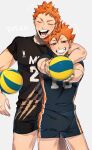  2boys age_comparison arm_around_neck ball brown_eyes closed_eyes commentary_request dated dual_persona grey_background grin haikyuu!! highres hinata_shouyou holding holding_ball looking_at_viewer multiple_boys obakegm older open_mouth orange_hair smile sportswear time_paradox volleyball volleyball_uniform 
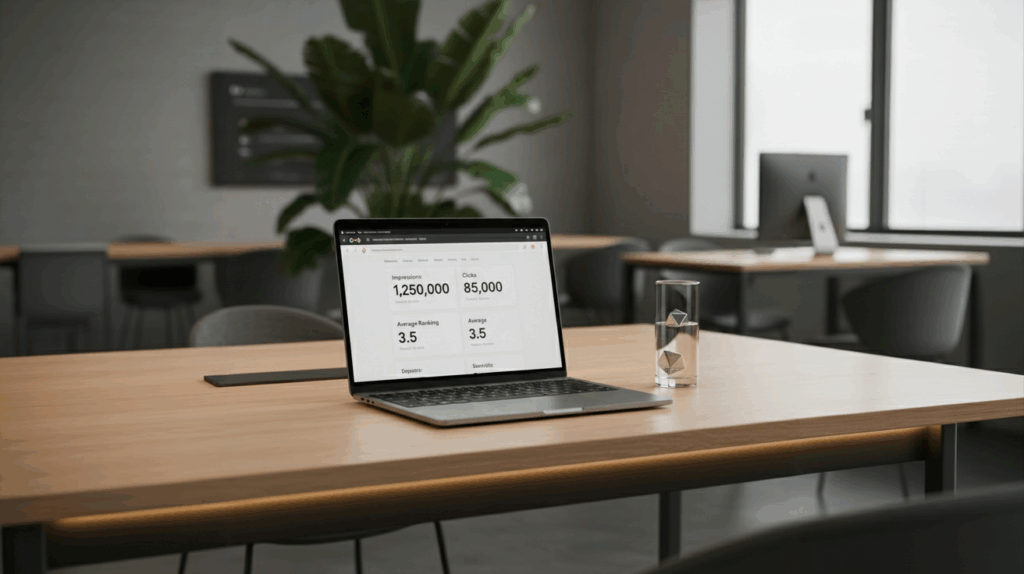 A sleek, modern desktop setup for a marketer improving the SEO performance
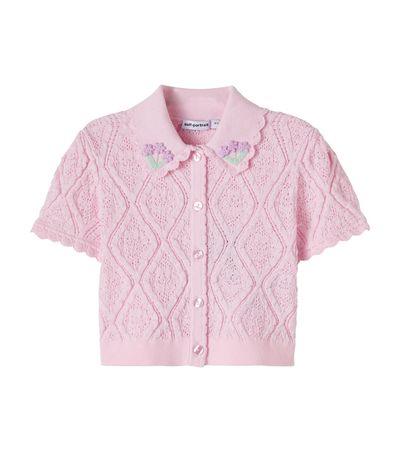 Self-Portrait Kids Self-Portrait Kids Embroidered pointelle cotton-blend top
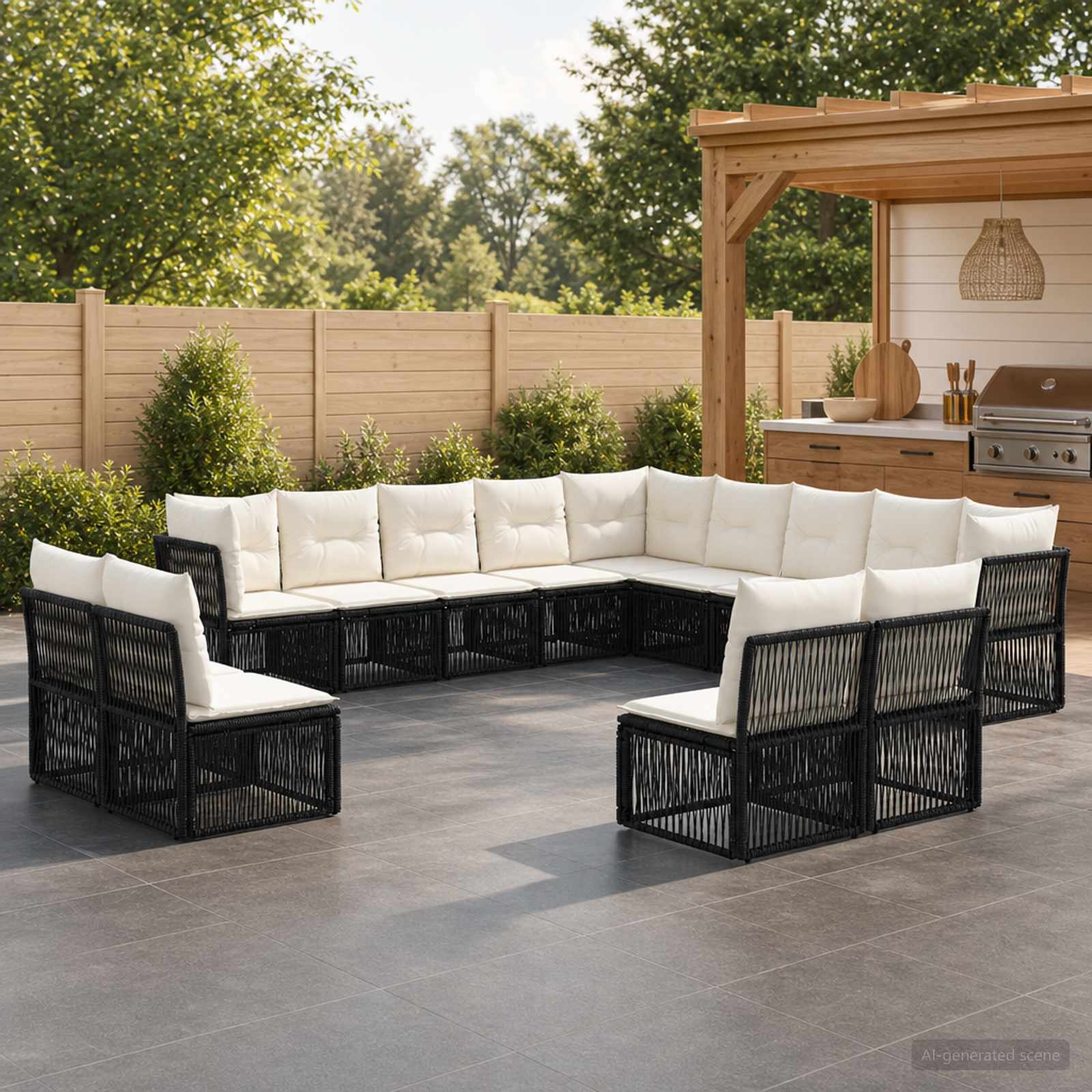 Gartensofa-set 13 stk. Schwarz Poly-Rattan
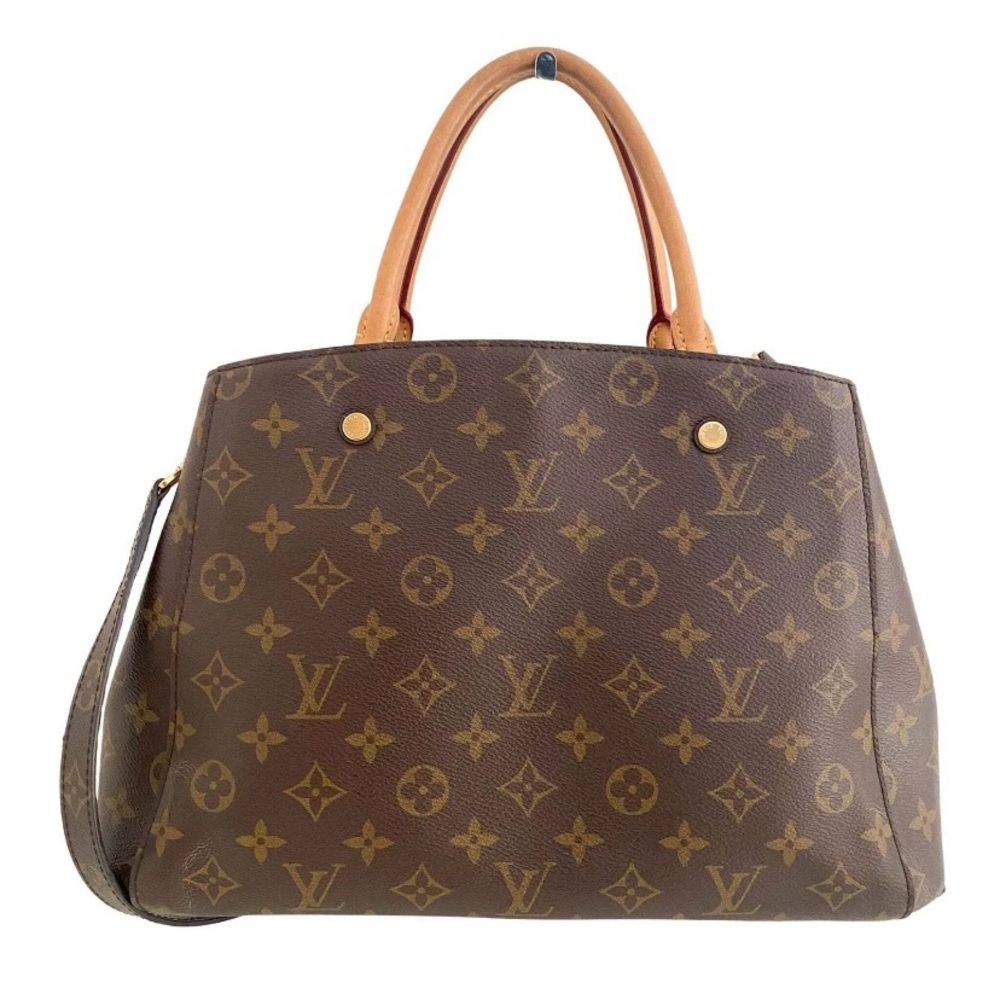 Louis Vuitton Brown Monogram Canvas Shoulder Bag with Gold Hardware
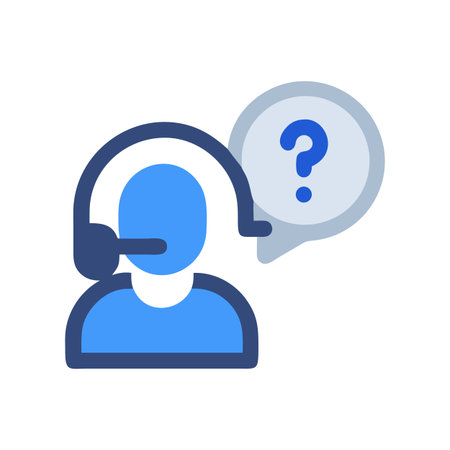 Customer service operator icon with question mark balloonのイラスト素材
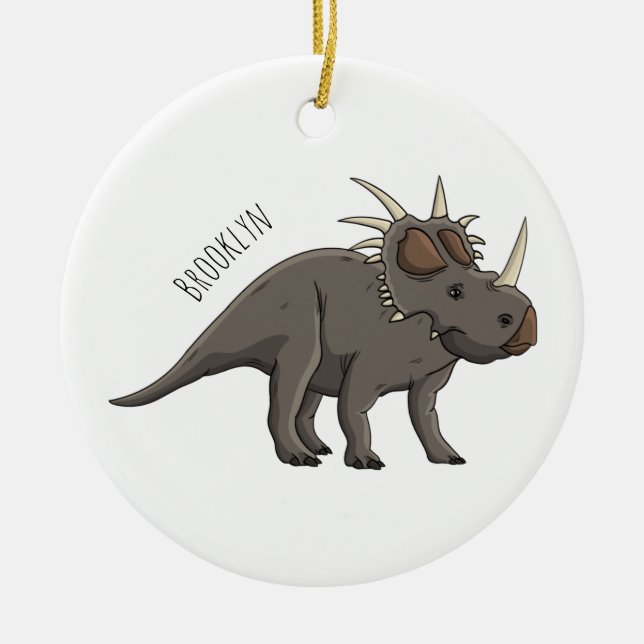 Styracosaurus-illustration av tecknaden julgransprydnad keramik (Framsidan)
+-------+
Exercise details
Give the records again exactly, minus the pictures.

Answer to the problem
  2boys age_comparison arm_around_neck ball brown_eyes closed_eyes commentary_request dated dual_persona grey_background grin haikyuu!! highres hinata_shouyou holding holding_ball looking_at_viewer multiple_boys obakegm older open_mouth orange_hair smile sportswear time_paradox volleyball volleyball_uniform 
 A sleek, modern desktop setup for a marketer improving the SEO performance
 Self-Portrait Kids Self-Portrait Kids Embroidered pointelle cotton-blend top
 Gartensofa-set 13 stk. Schwarz Poly-Rattan
 Louis Vuitton Brown Monogram Canvas Shoulder Bag with Gold Hardware
 Customer service operator icon with question mark balloonのイラスト素材
 Styracosaurus-illustration av tecknaden julgransprydnad keramik (Framsidan)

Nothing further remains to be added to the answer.